WHO ARE WE

The Nashville Chapter of National Organization of Minority Architects

NOMAnash encompasses metropolitan Nashville, TN.


We are Architects, Designers, and Citizens with a goal to serve humanity through advocacy and outreach.

 

NOMAnash is a non-profit professional service organization whose goals include working together to fight discrimination towards minorities in the architectural industry, fostering justice and equity in communities through outreach, facilitating professional development of its members, and effectively motivating and inspiring minority youth and maintaining active roles in their education. One of our missions is to introduce and promote architecture to school age children (grades K-12) by producing and distributing a bi-annual  “NOMAnash Coloring Book of Architecture” and by sponsoring mentoring programs such as Project Pipeline. Our mission is not only to be an advocate for our industry promoting design excellence, but more importantly to reach out and interact with the marginalized communities here locally.  As we engage, celebrate, and educate them in architecture & design, we also believe this will help break down some barriers that prove to be the cause of under-representation by minorities in the architectural field.


PURPOSE

In concordance with the purpose of NOMA National, the purpose of NOMAnash is to:

  • foster communication and fellowship among minority architects through educational, social, and charitable programs and projects

  • encourage collaboration of existing and proposed local minority architectural group

  • fight discrimination and other selection policies being used by public and private sector clients to unfairly restrict minority architects' participation in design and construction

  • act as a clearinghouse for information and to maintain a roster on practitioners

  • encourage the establishment of coalitions of member firms and individuals to form professional relationships

  • be an effective source of motivation and inspiration for minority youth and maintain an active role in the education of new architects

  • promote the design and development of living, working, and recreational environments of the highest quality for all people

  • create, encourage, and maintain relationships with other professionals and technicians whose work affects the physical and social environment, and

  • work with local, state, and national governments on issues affecting the physical development of neighborhoods and communities


“Whatever career you may choose for yourself - doctor, lawyer, teacher - let me propose an avocation to be pursued along with it.
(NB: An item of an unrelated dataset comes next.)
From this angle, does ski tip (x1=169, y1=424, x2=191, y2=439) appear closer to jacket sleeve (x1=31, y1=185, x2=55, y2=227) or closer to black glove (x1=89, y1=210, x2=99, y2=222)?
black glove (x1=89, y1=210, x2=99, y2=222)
Become a dedicated fighter for civil rights. Make it a central part of your life. It will make you a better doctor, a better lawyer, a better teacher. It will enrich your spirit as nothing else possibly can. It will give you that rare sense of nobility that can only spring from love and selflessly helping your fellow man. Make a career of humanity. Commit yourself to the noble struggle for human rights.
You will make a greater person of yourself, a greater nation of your country and a finer world to live in.”